Bonuses are paid, Aramark CFO tells Wall St. That’s not what thousands of managers were told
Tuesday's conference call on Aramark's first-quarter earnings brought little clarity to the cancellation of bonuses for lower-level managers.
A top Aramark official sent mixed signals about payment of bonuses to thousands of managers on Tuesday while responding to Wall Street analysts' questions.
Two analysts came up pretty close to empty when they asked Aramark officials about the Philadelphia company’s decision not to pay 2018 bonuses to thousands of managers while spending $90 million of its windfall from 2017′s corporate tax cut on one-time payments and other benefits for employees.
First up with a question about bonuses during the food and facilities giant’s quarterly earnings conference call was Bank of America analyst Gary Bisbee.
“Can you help us frame the investment in the U.S. workforce you discussed against what probably might not have been telling the whole story, but press reports from your local paper about reduced 401(k) contributions and managers not getting bonuses? Adding that all up, what’s going on, or what’s the incentive for doing this?”
Stephen P. Bramlage, Aramark’s chief financial officer, responded that the company was “pleased to have the opportunity to have this kind of a cash windfall from tax reform to reinvest in the domestic business.” As to the bonuses, Bramlage acknowledged the news coverage, but said: “From our perspective, obviously, the company paid bonuses in 2018 that were earned.”

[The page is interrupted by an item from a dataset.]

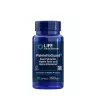 Life Extension PalmettoGuard Saw Palmetto, Nettle Root and Beta-Sitosterol (60 Kapsułka miękka)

But that’s not what the company communicated via email —-- a copy of which was reviewed by the Inquirer — to thousands of managers. Aramark employs 14,000 people in Pennsylvania, including nearly 6,500 in the Philadelphia region. Bonuses, which are built into employment agreements, can be 20 percent or more of a manager’s compensation, depending on performance.
Andrew Wittmann, an analyst at Baird, took another stab at understanding what happened: “Is it fair to say that there was a higher-than-usual number of managers that didn’t get incentive bonuses for `18?” Wittman also wondered if there was a reversal of accruals in the fourth quarter because bonuses were not paid.
Bramlage then spoke of 2018 as if it had been a normal year, not one in which the company decided not to pay bonuses to a vast swathe of its management ranks — including people who run school cafeterias and general managers of large stadiums — because “it was a year in which we saw great disparity in the financial performance across our US businesses,” as the email sent last Friday said.
“We are actually paying out bonuses a little bit below our target levels because we didn’t make the targets that had been set,” Bramlage said. “There are always going to be in any given year folks who receive bonuses higher than the target amount based on line-of-business performance and there will be folks who receive no bonus based on results as well.”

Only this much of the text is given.